ところが戦前、特にサイレント期の作品はぜんぜん違うらしい。ものすごくモダンでコミカル、普通に笑えるらしい。戦後の作品は「笑っていいのかどうか困る」感じですからね。
で、実際見てみて驚いた。うわすごい。なにこれ(^^;
銃弾が飛ぶ、学生がこける、人が殴りあう、ギャングがオープンカーで疾走する。でも小津!!
本当、小津は苦手という人にこそ見てほしい。私もそうだから。いや笑った笑った。日活無国籍アクションかい、おっさん。
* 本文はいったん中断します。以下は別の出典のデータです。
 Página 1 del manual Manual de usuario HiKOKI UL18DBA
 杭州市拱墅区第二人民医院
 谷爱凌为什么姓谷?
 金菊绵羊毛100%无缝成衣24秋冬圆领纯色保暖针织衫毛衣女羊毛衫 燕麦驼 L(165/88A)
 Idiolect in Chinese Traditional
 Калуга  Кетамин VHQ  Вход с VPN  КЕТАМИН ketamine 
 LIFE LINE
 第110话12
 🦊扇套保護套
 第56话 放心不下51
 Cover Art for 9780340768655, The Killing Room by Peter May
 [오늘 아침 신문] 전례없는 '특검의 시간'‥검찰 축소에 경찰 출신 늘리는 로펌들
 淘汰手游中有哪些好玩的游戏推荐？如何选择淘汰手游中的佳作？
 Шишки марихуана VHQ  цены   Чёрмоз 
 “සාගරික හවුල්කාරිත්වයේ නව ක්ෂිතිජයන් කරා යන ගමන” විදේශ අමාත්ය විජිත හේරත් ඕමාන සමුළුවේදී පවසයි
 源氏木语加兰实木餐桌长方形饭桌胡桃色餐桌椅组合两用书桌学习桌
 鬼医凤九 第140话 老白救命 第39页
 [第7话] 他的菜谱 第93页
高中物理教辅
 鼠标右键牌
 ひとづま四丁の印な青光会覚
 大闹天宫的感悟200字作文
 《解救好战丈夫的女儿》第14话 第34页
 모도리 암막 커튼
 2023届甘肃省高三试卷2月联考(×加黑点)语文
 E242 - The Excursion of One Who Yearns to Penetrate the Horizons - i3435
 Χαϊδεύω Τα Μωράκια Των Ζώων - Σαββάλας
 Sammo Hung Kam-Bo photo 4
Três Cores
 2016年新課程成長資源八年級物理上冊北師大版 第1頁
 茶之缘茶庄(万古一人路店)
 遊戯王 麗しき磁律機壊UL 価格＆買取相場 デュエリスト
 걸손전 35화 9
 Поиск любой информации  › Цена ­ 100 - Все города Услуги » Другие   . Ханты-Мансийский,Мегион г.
どれもこれも捨て難い面白さでぜひ見てほしいんですが、「和製喧嘩友達」「突貫小僧」あたりは誰が見ても面白いとおもう。「今日は人さらいの出そうな日である」って…O・ヘンリの「赤い酋長の身代金」が原作と言われるとなるほどなと思いますが、突貫小僧の強烈なキャラクターがすばらしい。
もちろん「生まれてはみたけれど」とかの名作系もよろしいんですが、個人的にはまったくの無国籍アクションな「朗らかに歩め」「その夜の妻」「非常線の女」が大のお気に入り。
いやあ、中でも「非常線の女」ですがな。奥さん。これからは「小津の最高傑作は?」と聞かれたら「非常線の女」と答えよう。シネフィルにバカにされること請け合いだけど(^^;
なってったってタイトルがまず強烈。非常線の女、ですよ。小津なのに。主人公はボクサーでギャング。小津だってのに。情婦は田中絹代!!ゴテゴテした格好で「あたいはあばずれさ!」とか言うんだけど顔がお嬢様だから東京バスガールにしか見えん(^^;そこがもっぱら批判されるんですが、アホやなあ、そこがいいんじゃない!
この二人が心の綺麗な水久保澄子と出会い改心する、ということになってるんだけど、田中絹代なんて「ウフフあんたのこと好きになっちゃった」って初対面でキスしてるし。改心というよりムラムラしてるだろう、姉さん。戦前の百合シーンとはなんとレアな。もちろんキスは直接映りませんが、それを言うなら男女のキス自体がご法度でした。
とにかく全編を通じやたらエロスとバイオレンスが炸裂し、最後は銃弾まで飛ぶ。こんな小津があり得たということ自体が驚異。まさしく大珍品であります。
もちろん戦後の作品がそうであるように画面の作りこみは偏執狂的でまさしく芸術作品。30年も前にヌーヴェルバーグを先取りしてた感じですね。ただ、機械人形的な振り付けも棒読みセリフもないので、見ていて辛くなることはなく、娯楽映画としてとことん楽しめる。本当、ぜひ見てほしい。小津の嫌いな人にこそ。